Happy Christmas!


Happy Christmas everyone! Wishing you a lovely festive break and chilled end to the year. Here’s a quick little sketch from our bracing walk on Ovingdean beach earlier today. I’m looking forward to more drawing challenges and adventures in 2018 – I’d love to hear about your creative resolutions if you have some. Until January 🤗🎄


Advent Countdown


This year I’ve had a paper advent calendar instead of a chocolate one and I’ve really enjoyed it. My Winter Woodland advent calendar by illustrator Angela Harding is very satisfying. There’s a wide variety of wildlife, big and small – birds, stags, badgers, foxes and a healthy dose of owls!
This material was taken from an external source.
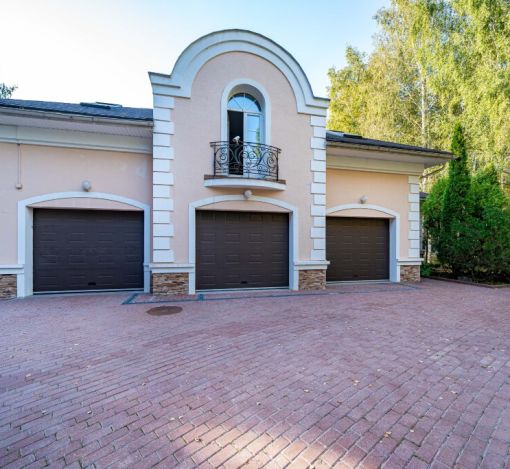 Дом в КП Никольская слобода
The blue and white shades of the snow are set off by the reds of the berries and fur of the animals. The warm glow from the house in the distance stops it from feeling too chilly.


I love the linocut style and the flowing composition which draws the eye around the scene. The numbers on the little doors are quite tricky to pick out, so sometimes it takes a while to find the right one but it’s well worth it when you’re rewarded with a miniature deer or leaping greyhound.


A spell of pre-Xmas work in Brighton has drawn me away from my advent calendar – but it will be nice to discover all the other doors in January when I return to London and eek out the festivities a bit longer!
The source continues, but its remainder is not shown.